[Items from a dataset]
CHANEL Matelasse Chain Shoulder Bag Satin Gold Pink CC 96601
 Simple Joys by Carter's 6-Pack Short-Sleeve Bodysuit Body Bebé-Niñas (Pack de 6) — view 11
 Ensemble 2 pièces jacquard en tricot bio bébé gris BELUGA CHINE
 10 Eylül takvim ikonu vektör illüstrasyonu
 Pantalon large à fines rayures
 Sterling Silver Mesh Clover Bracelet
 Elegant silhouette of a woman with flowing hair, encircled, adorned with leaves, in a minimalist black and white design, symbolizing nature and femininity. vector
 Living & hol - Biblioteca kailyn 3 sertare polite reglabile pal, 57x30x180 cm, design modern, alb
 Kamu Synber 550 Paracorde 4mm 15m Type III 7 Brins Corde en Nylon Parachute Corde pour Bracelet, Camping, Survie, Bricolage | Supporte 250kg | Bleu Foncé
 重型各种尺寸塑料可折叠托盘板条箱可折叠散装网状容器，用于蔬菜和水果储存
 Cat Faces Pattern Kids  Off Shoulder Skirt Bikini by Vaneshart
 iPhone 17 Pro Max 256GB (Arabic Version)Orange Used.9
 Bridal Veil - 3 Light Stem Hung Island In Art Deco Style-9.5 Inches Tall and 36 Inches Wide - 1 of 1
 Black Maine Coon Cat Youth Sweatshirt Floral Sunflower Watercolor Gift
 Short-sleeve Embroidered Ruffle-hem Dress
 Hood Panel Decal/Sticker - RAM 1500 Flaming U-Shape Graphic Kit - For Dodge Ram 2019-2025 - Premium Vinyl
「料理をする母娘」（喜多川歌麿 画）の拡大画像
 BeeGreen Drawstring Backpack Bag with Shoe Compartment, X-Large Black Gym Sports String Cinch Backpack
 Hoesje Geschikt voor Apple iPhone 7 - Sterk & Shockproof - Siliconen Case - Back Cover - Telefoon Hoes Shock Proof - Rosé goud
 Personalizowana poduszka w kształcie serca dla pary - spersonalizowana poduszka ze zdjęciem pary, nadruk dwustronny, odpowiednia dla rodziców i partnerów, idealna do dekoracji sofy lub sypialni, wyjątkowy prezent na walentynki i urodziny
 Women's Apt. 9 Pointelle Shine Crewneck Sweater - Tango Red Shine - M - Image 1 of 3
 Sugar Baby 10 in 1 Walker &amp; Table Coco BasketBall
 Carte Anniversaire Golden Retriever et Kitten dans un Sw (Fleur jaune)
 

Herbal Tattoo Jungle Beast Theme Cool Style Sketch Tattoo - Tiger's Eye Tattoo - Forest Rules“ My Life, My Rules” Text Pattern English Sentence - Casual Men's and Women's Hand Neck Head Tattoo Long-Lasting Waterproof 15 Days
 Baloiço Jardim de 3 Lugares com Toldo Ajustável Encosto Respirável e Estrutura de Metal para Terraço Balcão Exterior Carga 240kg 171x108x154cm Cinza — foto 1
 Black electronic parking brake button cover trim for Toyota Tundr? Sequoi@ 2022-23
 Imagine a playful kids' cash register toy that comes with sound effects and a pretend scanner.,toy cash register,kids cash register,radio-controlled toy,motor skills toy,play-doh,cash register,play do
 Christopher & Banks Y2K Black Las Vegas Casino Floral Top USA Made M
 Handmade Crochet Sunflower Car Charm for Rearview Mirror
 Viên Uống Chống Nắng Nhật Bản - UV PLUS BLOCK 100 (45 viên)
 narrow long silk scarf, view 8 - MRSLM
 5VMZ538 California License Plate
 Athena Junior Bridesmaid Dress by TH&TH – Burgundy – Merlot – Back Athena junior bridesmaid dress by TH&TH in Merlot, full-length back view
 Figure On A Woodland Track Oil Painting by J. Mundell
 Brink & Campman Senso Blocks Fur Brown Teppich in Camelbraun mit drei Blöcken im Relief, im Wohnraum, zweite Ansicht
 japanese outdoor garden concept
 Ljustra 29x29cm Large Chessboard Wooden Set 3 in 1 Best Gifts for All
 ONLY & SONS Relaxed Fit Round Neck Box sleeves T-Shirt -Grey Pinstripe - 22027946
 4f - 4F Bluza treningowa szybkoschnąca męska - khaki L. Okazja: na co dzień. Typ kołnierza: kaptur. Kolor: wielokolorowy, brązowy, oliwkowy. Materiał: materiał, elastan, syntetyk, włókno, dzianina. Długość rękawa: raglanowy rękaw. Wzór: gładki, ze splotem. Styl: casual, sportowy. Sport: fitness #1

TASK DETAILS ▸
For the lines above, output exactly those from the line containing "Elegant silhouette of" through the line containing "Bridal Veil - 3", and skip the others.

THE COMPLETED TASK ▸
 Elegant silhouette of a woman with flowing hair, encircled, adorned with leaves, in a minimalist black and white design, symbolizing nature and femininity. vector
 Living & hol - Biblioteca kailyn 3 sertare polite reglabile pal, 57x30x180 cm, design modern, alb
 Kamu Synber 550 Paracorde 4mm 15m Type III 7 Brins Corde en Nylon Parachute Corde pour Bracelet, Camping, Survie, Bricolage | Supporte 250kg | Bleu Foncé
 重型各种尺寸塑料可折叠托盘板条箱可折叠散装网状容器，用于蔬菜和水果储存
 Cat Faces Pattern Kids  Off Shoulder Skirt Bikini by Vaneshart
 iPhone 17 Pro Max 256GB (Arabic Version)Orange Used.9
 Bridal Veil - 3 Light Stem Hung Island In Art Deco Style-9.5 Inches Tall and 36 Inches Wide - 1 of 1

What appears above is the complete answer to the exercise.